Image-caption web data
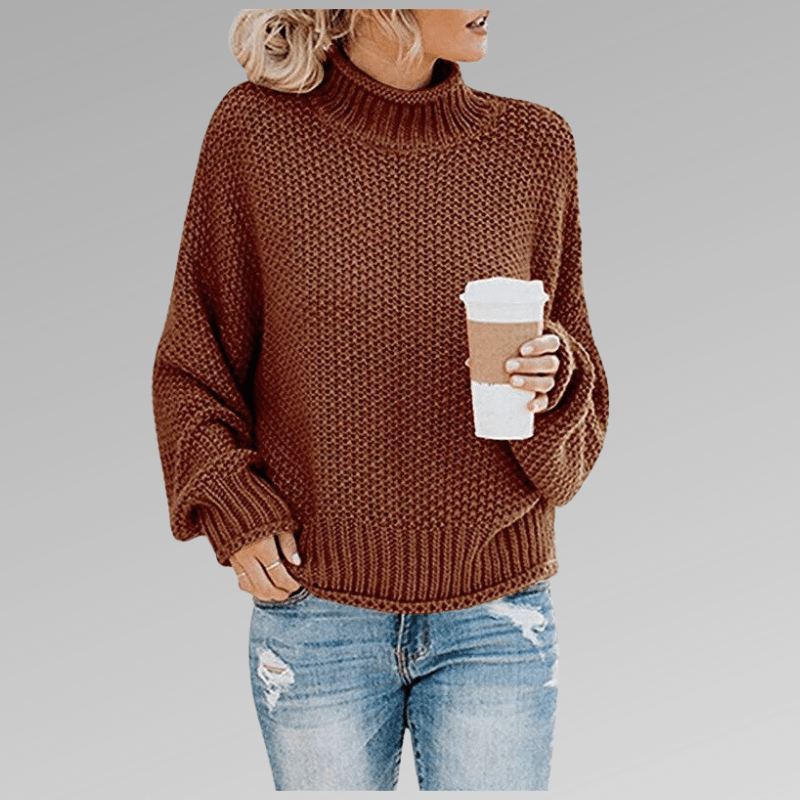Variant image for Maya - Classic Knit Sweater for Women, Everyday Comfort & Casual Elegance-19
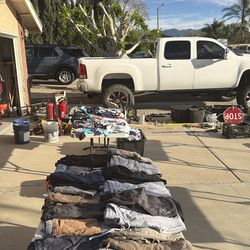 shoes, clothes,tool and more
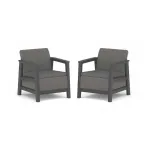 KETER aiatoolid 2 tk Scandi Linea hall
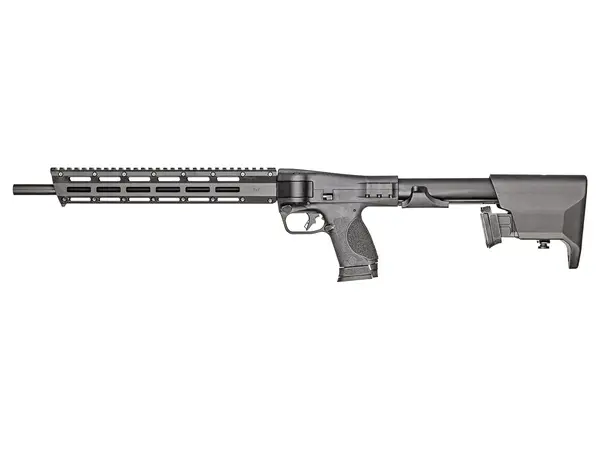 Smith & Wesson M&P FPC 9mm Luger 16.25" Barrel, Black
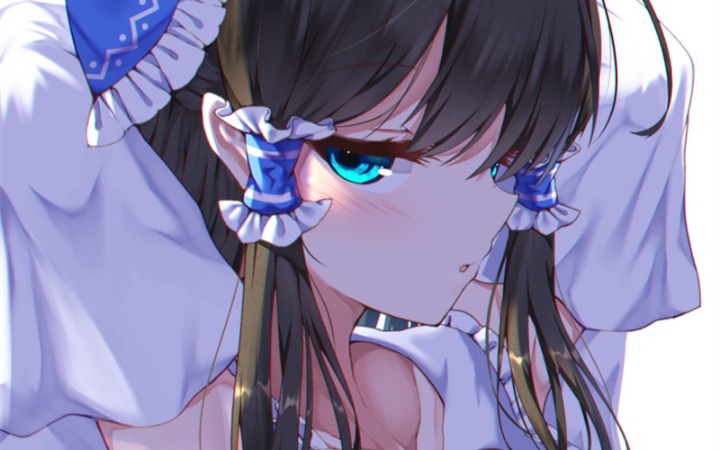 P站美图推荐——腋下特辑（三）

_WHAT THE TASK ASKS_
Print only the lines running from the one containing "Smith & Wesson" to the end of the data above, exactly; include no pictures.

_COMPLETED EXERCISE_
 Smith & Wesson M&P FPC 9mm Luger 16.25" Barrel, Black
 P站美图推荐——腋下特辑（三）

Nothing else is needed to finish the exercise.